What do I have to do to get the certificate to work?

For some reason, dotnet CLI might throw exception while we use dotnet dev-certs https --trust command to trust the HTTPS development certificate.

As a workaround, we can try following steps to manually trust the certificate.

  1. Run dotnet dev-certs https command to generate a HTTPS certificate (if you do not generate it)

  2. Copy the certificate with the ASP.NET Core HTTPS development certificate friendly name by copying from Current User > Personal > Certificates into Current User > Trusted root certification authorities > Certificates within the certificate manager UI, like below.

    enter image description here

2 Comments

For me this worked 1) using certmgr.msc backup all localhost certificates under Personal and then remove them 2) dotnet dev-certs https resulted in A valid HTTPS certificate with a key accessible across security partitions was not found... 3) i copied a still valid ASP.NET Core HTTPS development certificate from Current User > Trusted root certification authorities > Certificates to Current User > Personal > Certificates This worked at least that much that dotnet run worked
Thanks, this kind of worked for me as I can now see the cert in trusted root, however when I start the application it still doesn't show up.
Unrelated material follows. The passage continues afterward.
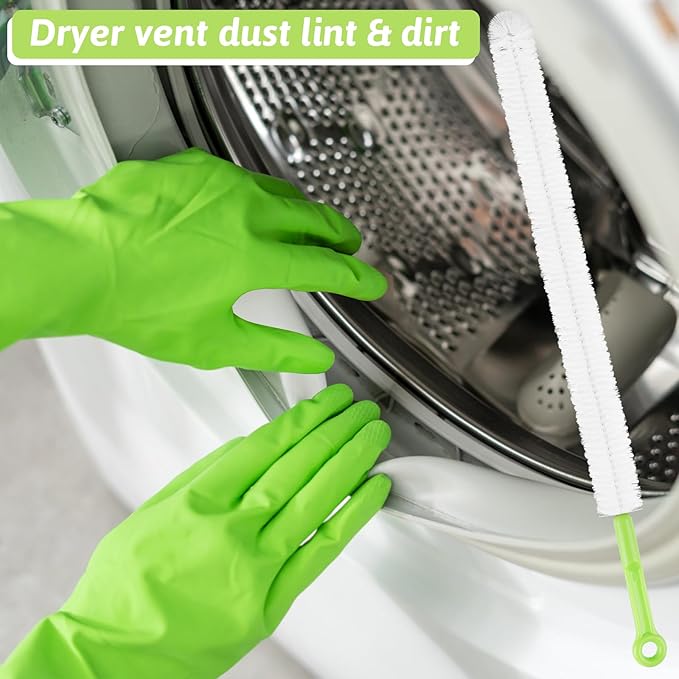 Sewer Drain Brush, Drain Clog Remover, 17inch Flexible Long Pipe Hair Clogs Catcher Cleaner Tool for Toilet, Kitchen Sink, Bathroom Tub, Sewer Drain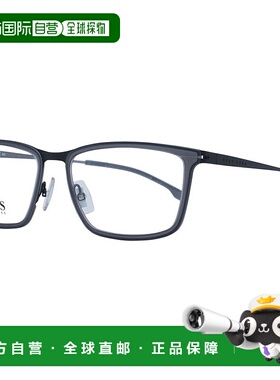 自营 Hugo Boss Men 光学男士镜架 - 灰色 美国奥莱直发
Debugging now
9

The below command worked for me

  • dotnet dev-certs https --clean
  • dotnet dev-certs https --trust

enter image description here

Comments

7

This is a tricky issue, and I've tried several methods without luck for ASP.NET Core website project. I'm using VS Code on a Mac (macOS 12.6.7).

When I run the following commands in the VS Code terminal, it worked for me. The difference from other tips in this thread is the dotnet clean command. In steps:

  1. Ensure a clean ASP.NET Core project: dotnet clean
  2. Clear existing certificate: dotnet dev-certs https --clean
  3. Create a fresh certificate: dotnet dev-certs https --trust

Now I was able to run the project with dotnet run and reloading the browser.

PS: If you're lazy, you can also chain the commands like this:

dotnet clean && dotnet dev-certs https --clean && dotnet dev-certs https --trust 

Comments

3

As others have suggested, removing old ASP.NET certs in the certificate manager on Windows may work (it did for me). Just be sure you open 'certmgr.msc'.

Windows search suggests 'certlm.msc', which displays certs for the local machine, not the local user. I didn't notice I was opening the wrong one for too long.

Comments

2

NONE of the solution worked for me, spent an hour on this on Windows.

This worked:

  1. go to %APPDATA%\ASP.NET\https
  2. DELETE EVERYTHING
  3. Then do the --clean + --trust thingy again.

1 Comment

What if I don't have the https folder?
0

For me on Windows 10 running Visual Studio 2022 all I had to do was

dotnet dev-certs https --clean

Then I rebooted my PC and opened my solution again. When running the solution I got the "trust the VS cert" dialog box like I should have the first time I ran my project.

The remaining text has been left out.